By creaming off "excess" productivity and, in effect, giving it away, the factories can be kept running, the agricultural surpluses used up, and the society can continue to focus on the satisfaction of material wants. A fifty-year campaign to erase hunger from the world, for example, would not only make excellent moral sense, but would buy the techno-societies badly needed time for an easier transition to the economy of the future.
Such a pause might give us time to contemplate the philosophical and psychological impact of experiential production. If consumers can no longer distinguish clearly between the real and the simulated, if whole stretches of one's life may be commercially programmed, we enter into a set of psycho-economic problems of breathtaking complexity. These problems challenge our most fundamental beliefs, not merely about democracy or economics, but about the very nature of rationality and sanity.
One of the great unasked questions of our time has to do with the balance between vicarious and non-vicarious experience in our lives. No previous generation has been exposed to one-tenth the amount of vicarious experiences that we lavish on ourselves and our children today, and no one, anywhere, has any real idea about the impact of this monumental shift on personality. Our children mature physically more rapidly than we did. The age of first menstruation continues to drop four to six months every decade. The population grows taller sooner. It is clear that many of our young people, products of television and instant access to oceans of information, also become precocious intellectually. But what happens to emotional development as the ratio of vicarious experience to "real" experience rises? Does the step-up of vicariousness contribute to emotional maturity? Or does it, in fact, retard it?
And what, then, happens when an economy in search of a new purpose, seriously begins to enter into the production of experiences for their own sake, experiences that blur the distinction between the vicarious and the non-vicarious, the simulated and the real? One of the definitions of sanity, itself, is the ability to tell real from unreal. Shall we need a new definition?
We must begin to reflect on these problems, for unless we do – and perhaps even if we do – service will in the end triumph over manufacture, and experiential production over service. The growth of the experiential sector might just be an inevitable consequence of affluence. For the satisfaction of man's elemental material needs opens the way for new, more sophisticated gratifications. We are moving from a "gut" economy to a "psyche" economy because there is only so much gut to be satisfied.
Beyond this, we are also moving swiftly in the direction of a society in which objects, things, physical constructs, are increasingly transient. Not merely man's relationships with them, but the very things themselves. It may be that experiences are the only products which, once bought by the consumer, cannot be taken away from him, cannot be disposed of like non-returnable soda pop bottles or nicked razor blades.

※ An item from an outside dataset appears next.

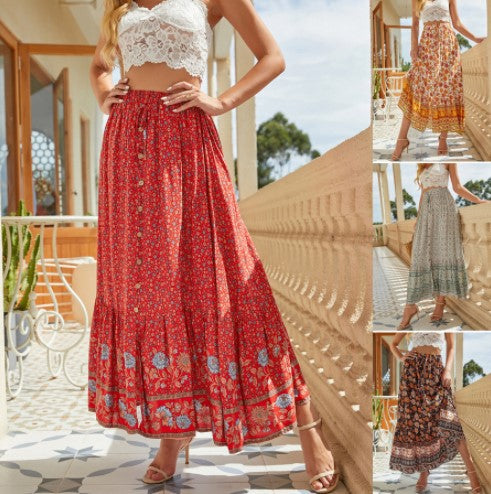 Amarae floral patterned bohemian maxi skirt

For the ancient Japanese nobility every flower, every serving bowl or obi, was freighted with surplus meaning; each carried a heavy load of coded symbolism and ritual significance. The movement toward the psychologization of manufactured goods takes us in this direction; but it collides with the powerful thrust toward transience that makes the objects themselves so perishable. Thus we shall find it easier to adorn our services with symbolic significance than our products. And, in the end, we shall pass beyond the service economy, beyond the imagination of today's economists; we shall become the first culture in history to employ high technology to manufacture that most transient, yet lasting of products: the human experience.
Chapter 11
THE FRACTURED FAMILY
The flood of novelty about to crash down upon us will spread from universities and research centers to factories and offices, from the marketplace and mass media into our social relationships, from the community into the home. Penetrating deep into our private lives, it will place absolutely unprecedented strains on the family itself.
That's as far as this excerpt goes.